Analysts say Trump is aiming not only to cut off Iranian revenue but also to pressure China, the biggest buyer of Iran’s oil, to push it to reopen the strait.

In a nod to China’s potentially key role, Trump told Fox Business he had written to Xi Jinping asking him not to supply weapons to Tehran, and received the Chinese leader’s assurances that he was not doing so.

The finance ministers of 11 countries including Britain and Japan called Wednesday for ‘coordinated emergency support’ to help countries hit by disruptions from the war in the Middle East.

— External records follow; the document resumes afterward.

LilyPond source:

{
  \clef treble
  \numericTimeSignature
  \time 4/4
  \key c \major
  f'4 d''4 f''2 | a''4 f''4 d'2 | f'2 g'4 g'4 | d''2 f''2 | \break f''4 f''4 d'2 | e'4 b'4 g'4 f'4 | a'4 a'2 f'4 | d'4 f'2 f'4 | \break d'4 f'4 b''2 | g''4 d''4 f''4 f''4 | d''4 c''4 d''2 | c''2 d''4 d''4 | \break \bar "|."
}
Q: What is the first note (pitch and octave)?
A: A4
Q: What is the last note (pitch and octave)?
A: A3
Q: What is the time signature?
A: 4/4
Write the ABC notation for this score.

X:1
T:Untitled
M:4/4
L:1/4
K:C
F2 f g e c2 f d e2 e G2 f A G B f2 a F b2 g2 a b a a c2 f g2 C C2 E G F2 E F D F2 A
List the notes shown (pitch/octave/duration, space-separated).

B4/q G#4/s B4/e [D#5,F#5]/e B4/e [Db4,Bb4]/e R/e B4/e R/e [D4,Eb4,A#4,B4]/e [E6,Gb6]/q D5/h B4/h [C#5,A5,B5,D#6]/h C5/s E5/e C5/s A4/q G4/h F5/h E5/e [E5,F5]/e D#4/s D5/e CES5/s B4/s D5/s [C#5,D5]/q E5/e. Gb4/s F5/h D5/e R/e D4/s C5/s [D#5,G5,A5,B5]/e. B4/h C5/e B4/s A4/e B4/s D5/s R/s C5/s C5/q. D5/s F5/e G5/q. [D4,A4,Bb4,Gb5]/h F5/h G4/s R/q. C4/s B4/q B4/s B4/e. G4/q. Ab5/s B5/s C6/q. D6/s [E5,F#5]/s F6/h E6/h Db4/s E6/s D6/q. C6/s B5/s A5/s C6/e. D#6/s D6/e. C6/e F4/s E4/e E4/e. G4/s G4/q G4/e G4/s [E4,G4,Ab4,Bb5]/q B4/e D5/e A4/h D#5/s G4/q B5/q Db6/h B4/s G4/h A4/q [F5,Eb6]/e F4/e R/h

‘We call on the IMF and World Bank to provide a coordinated emergency support offer for countries in need, tailored to country circumstances and drawing on the full range and flexibility of their toolkits,’ the ministers said in a joint statement issued by the UK government.

‘Renewed hostilities, a widening of the conflict or continued disruption in the Strait of Hormuz would pose serious additional risks to global energy security, supply chains, and economic and financial stability,’ said the statement.

‘Even with a durable resolution of the conflict, impacts on growth, inflation and markets will persist.’

‘We reaffirm our unwavering support for Ukraine and our determination to maintain economic pressure on Russia,’ it said.

‘Russia’s war in Ukraine, now in its fifth year, continues to negatively impact the global economy. Russia must not benefit from this conflict, and as market conditions allow to avoid exacerbating disruptions to supply chains and energy prices, we will continue collaborating on ways to increase pressure.’

The countries that signed the statement were Australia, Finland, Ireland, Japan, The Netherlands, New Zealand, Norway, Poland, Spain, Sweden and United Kingdom.